Anzi, spariamola grossa, le storie da raccontare saranno otto, esagerando. A renderne certe memorabili è stato il modo che il narratore ha avuto di raccontarle. Drive sarebbe stato il film che è, senza il tocco di Refn, o solo un altro capitolo a caso di Fast and furious?

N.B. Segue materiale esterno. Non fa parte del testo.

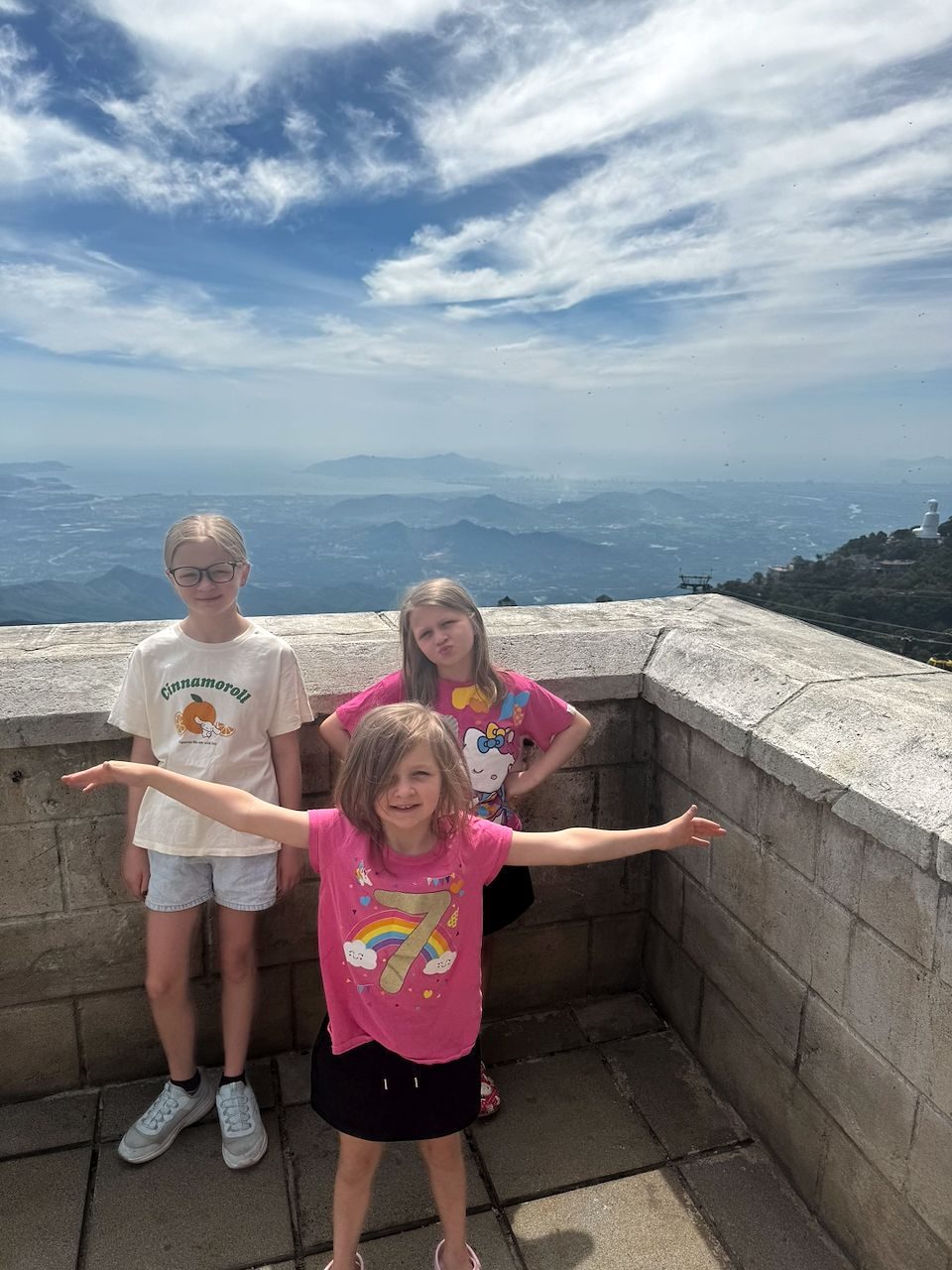 Three girls pose on a stone parapet at the top of Ba Na Hills, with a sweeping hazy mountain and coastal view behind them; the youngest in a pink birthday shirt spreads her arms wide while the older two stand on either side.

E Zombi lo ricorderemmo come un capolavoro, senza l'estro e il genio di Romero che lo trasformarono in una critica sociale? 

Spoiler: no.

Se proprio vogliamo trovare un difetto gigantesco a Watcher è proprio quello di non raccontare null'altro se non quello che mostra - il che non è per forza un male - ma di confezionare tutto con un tale rivestimento extra lusso da far sembrare l'intera risoluzione finale una barzelletta, soprattutto per le dinamiche e le proporzioni che assume, dimenticando parti e soprattutto infrangendo la prima regola dello sceneggiatore provetto - vedrete e capirete.

E sì, le tematiche c'erano già di default. Non è la prima pellicola sul tema (e i temi) che viene realizzata, ma gli esempi più lampanti sono ricordati. Questo cosa offre? Lo spaesamento non era già un elemento a sé? Allora perché rimarcare sul resto, accennare particolari che non danno nessuno spessore (il passato da attrice bellamente dimenticato, ad esempio) e trattando in maniera così pressapochista un tema gigantesco come la solitudine?

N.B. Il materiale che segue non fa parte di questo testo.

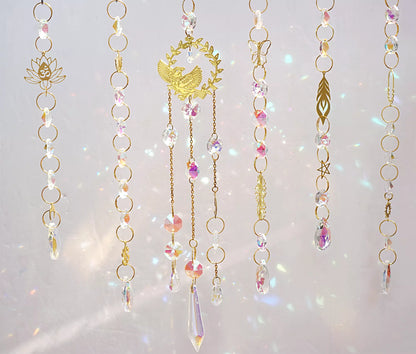 handmade suncatchers featuring delicate brass charms in the shape of birds, butterflies, lotus flowers, and ginkgo leaves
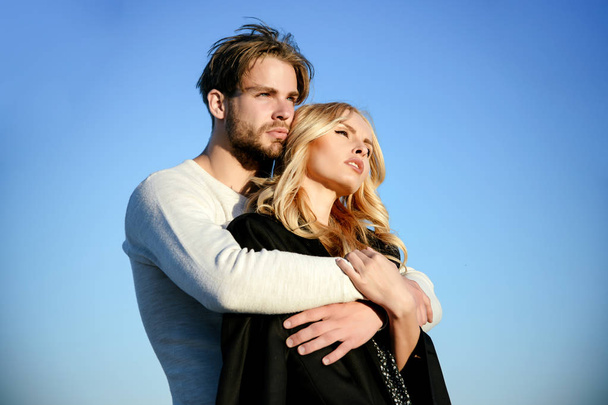 Muscular man and woman with long blond hair, love. - Fotó, kép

E dire che la Okuno ha una gestione dei tempi e dell'immagine grandiosa, specie se si pensa che qui è al proprio esordio. Ogni sequenza è girata come se fosse la più importante, nonostante se la prenda comoda in più punti la tensione e il ritmo rimangono costanti. Soprattutto, è il connubio con la fotografia e gli effetti sonori (fateci caso a questi ultimi) a dare quel tocco in più.

Poi però si risolve tutto come una scorreggina.

Vi bastano un paio di rudimenti di scrittura per capire come finirà (per esempio: se vi mostro qualcosa è perché prima o poi verrà utilizzata), e quel finale non apre sbocco a null'altro. C'è una forte critica al victim blaming, al fatto che per una donna sia difficile essere creduta, ma trattato in maniera così banale e didascalica da non risaltare come dovrebbe, vista l'importanza.

Eppure, le scene memorabili non mancano. Quella nello strip club, e il confronto col sospettato, un attimo in cui due solitudini di ritrovano a un confronto impietoso. Una sequenza che avrebbe potuto portare a casa da sola il risultato, ma che viene lasciata lì.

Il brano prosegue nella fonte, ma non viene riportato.